Per il 58,6% degli intervistati, fonti prioritarie di preoccupazione sono le questioni relative allo smaltimento dei rifiuti e all'implementazione delle fonti energetiche rinnovabili. A questo proposito, il 47,5% delle persone ha dichiarato di utilizzare pannelli solari termici e il 47,3% quelli fotovoltaici. Per il 46,5% degli intervistati, invece, il nodo da sciogliere è collegato ai trasporti e alla mobilità sostenibile. Tuttavia, il 75% degli italiani ammette forte sfiducia nelle misure prese dal governo per risolvere o lenire tali problematiche e si auspica venga fatto molto di più. Decisamente alta, inoltre, è risultata la percentuale degli italiani contraria al nucleare tout court (58%), dato che tende a crescere in maniera esponenziale nell'ipotesi della costruzione di una centrale nella regione di residenza dell'intervistato (66%).
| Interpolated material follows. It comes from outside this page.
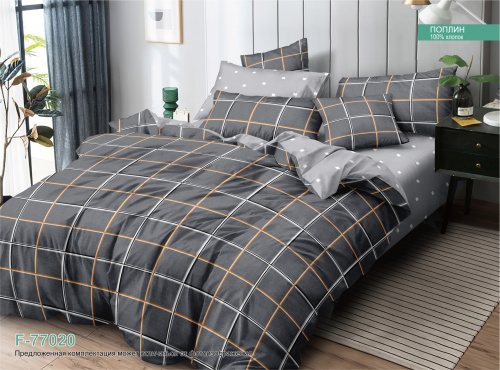 КПБ Поплин на резинке Арт. F-77020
Benché il dato sia interessante, tuttavia, lascia perplessi la poca attenzione mostrata verso i cambiamenti cliamtici che preoccupano appena solo il 6,7% del campione, peraltro in netto calo rispetto a quanto già calcolato nel 2009 (32,9%). Secondo l'amministratore delegato di Lorien Consulting, Antonio Valente:

..gli italiani hanno però raggiunto una certa maturità in termini di risposta ad una crisi che attraversa trasversalmente molti settori dell’economia,.. e vedono nell’economia sostenibile l’ancora di salvezza per un vero salto di qualità... Consentendo alla green economy di crescere indipendentemente dalle distinzioni politiche, di classe o di generazioni.